Assignment:
Repeat the entries shown below with every word and mark intact.

Stored items from a collection
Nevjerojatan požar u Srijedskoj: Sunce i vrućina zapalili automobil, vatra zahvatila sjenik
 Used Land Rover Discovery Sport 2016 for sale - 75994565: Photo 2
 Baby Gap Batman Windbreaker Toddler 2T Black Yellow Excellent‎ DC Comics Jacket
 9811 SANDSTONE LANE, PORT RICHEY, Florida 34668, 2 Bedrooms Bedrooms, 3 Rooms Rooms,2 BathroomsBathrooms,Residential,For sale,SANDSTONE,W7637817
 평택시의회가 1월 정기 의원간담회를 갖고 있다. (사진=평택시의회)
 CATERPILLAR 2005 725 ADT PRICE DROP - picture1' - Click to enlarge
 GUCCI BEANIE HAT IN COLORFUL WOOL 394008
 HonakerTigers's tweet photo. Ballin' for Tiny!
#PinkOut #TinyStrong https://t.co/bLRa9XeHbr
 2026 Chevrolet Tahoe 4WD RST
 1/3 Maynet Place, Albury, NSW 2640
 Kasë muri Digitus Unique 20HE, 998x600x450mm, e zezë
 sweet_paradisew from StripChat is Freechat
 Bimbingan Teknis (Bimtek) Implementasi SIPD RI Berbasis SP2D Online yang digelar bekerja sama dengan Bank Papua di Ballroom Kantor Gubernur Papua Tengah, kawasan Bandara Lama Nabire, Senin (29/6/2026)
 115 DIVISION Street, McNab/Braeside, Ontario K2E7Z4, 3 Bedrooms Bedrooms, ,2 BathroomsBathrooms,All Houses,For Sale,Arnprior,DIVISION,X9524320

Expected output:
Nevjerojatan požar u Srijedskoj: Sunce i vrućina zapalili automobil, vatra zahvatila sjenik
 Used Land Rover Discovery Sport 2016 for sale - 75994565: Photo 2
 Baby Gap Batman Windbreaker Toddler 2T Black Yellow Excellent‎ DC Comics Jacket
 9811 SANDSTONE LANE, PORT RICHEY, Florida 34668, 2 Bedrooms Bedrooms, 3 Rooms Rooms,2 BathroomsBathrooms,Residential,For sale,SANDSTONE,W7637817
 평택시의회가 1월 정기 의원간담회를 갖고 있다. (사진=평택시의회)
 CATERPILLAR 2005 725 ADT PRICE DROP - picture1' - Click to enlarge
 GUCCI BEANIE HAT IN COLORFUL WOOL 394008
 HonakerTigers's tweet photo. Ballin' for Tiny!
#PinkOut #TinyStrong https://t.co/bLRa9XeHbr
 2026 Chevrolet Tahoe 4WD RST
 1/3 Maynet Place, Albury, NSW 2640
 Kasë muri Digitus Unique 20HE, 998x600x450mm, e zezë
 sweet_paradisew from StripChat is Freechat
 Bimbingan Teknis (Bimtek) Implementasi SIPD RI Berbasis SP2D Online yang digelar bekerja sama dengan Bank Papua di Ballroom Kantor Gubernur Papua Tengah, kawasan Bandara Lama Nabire, Senin (29/6/2026)
 115 DIVISION Street, McNab/Braeside, Ontario K2E7Z4, 3 Bedrooms Bedrooms, ,2 BathroomsBathrooms,All Houses,For Sale,Arnprior,DIVISION,X9524320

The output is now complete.